论文标题
通过最坏情况最大化学习对手的强大表示
Learning Adversarially Robust Representations via Worst-Case Mutual Information Maximization
论文作者
论文摘要
训练机器学习模型强大的对抗性投入提出了看似无法克服的挑战。为了更好地理解对抗性的鲁棒性,我们考虑了学习健壮表示的根本问题。我们制定了表示漏洞的表示概念,该概念在最差的输入扰动下捕获了输入和输出分布之间相互信息的最大变化。然后,我们证明了一个定理,该定理建立了基于其代表性漏洞的任何下游分类器可以实现的最小对抗风险的下限。我们提出了一种无监督的学习方法,用于通过最大化输入和输出分布之间的最差案例相互信息来获得本质上可靠的表示。下游分类任务的实验支持使用无监督的学习与我们的培训原则发现的表示形式的鲁棒性。
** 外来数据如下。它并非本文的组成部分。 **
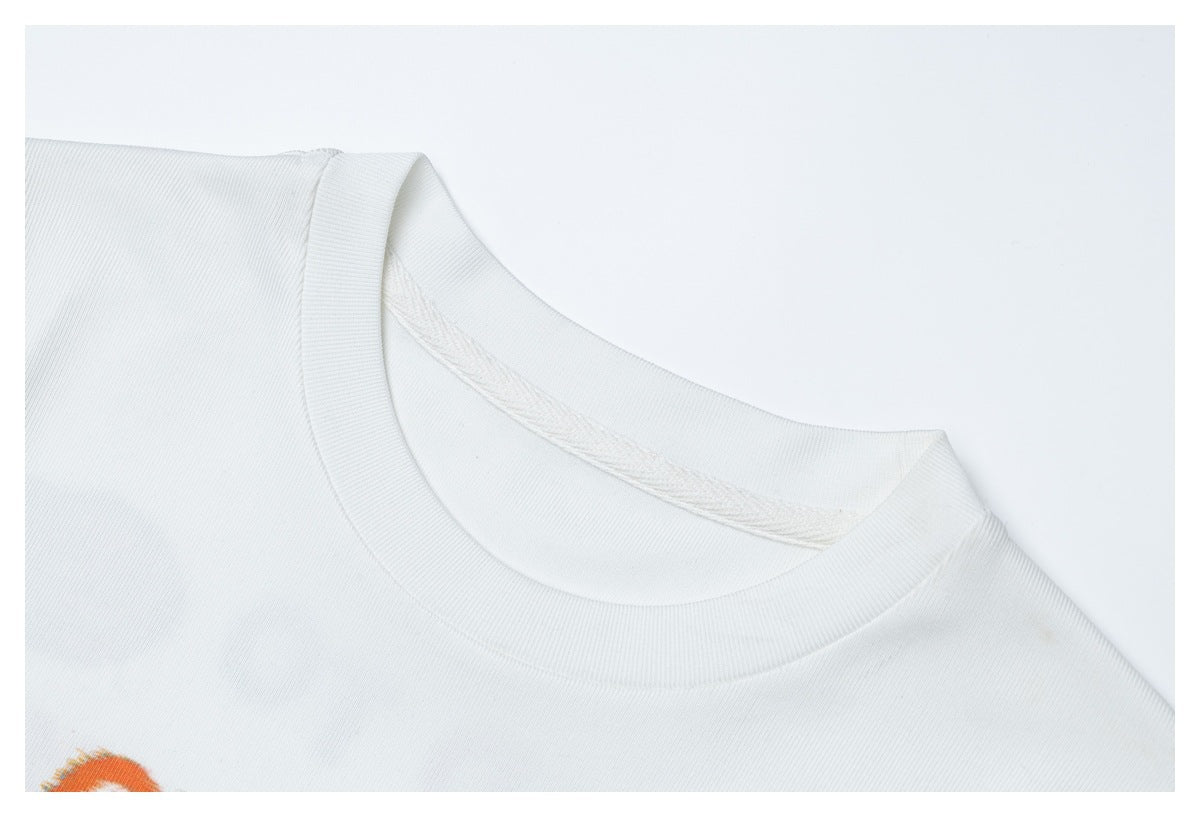 Close-up of a white T-shirt's ribbed crew neckline and shoulder seam, with a small orange print edge visible.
Training machine learning models that are robust against adversarial inputs poses seemingly insurmountable challenges. To better understand adversarial robustness, we consider the underlying problem of learning robust representations. We develop a notion of representation vulnerability that captures the maximum change of mutual information between the input and output distributions, under the worst-case input perturbation. Then, we prove a theorem that establishes a lower bound on the minimum adversarial risk that can be achieved for any downstream classifier based on its representation vulnerability. We propose an unsupervised learning method for obtaining intrinsically robust representations by maximizing the worst-case mutual information between the input and output distributions. Experiments on downstream classification tasks support the robustness of the representations found using unsupervised learning with our training principle.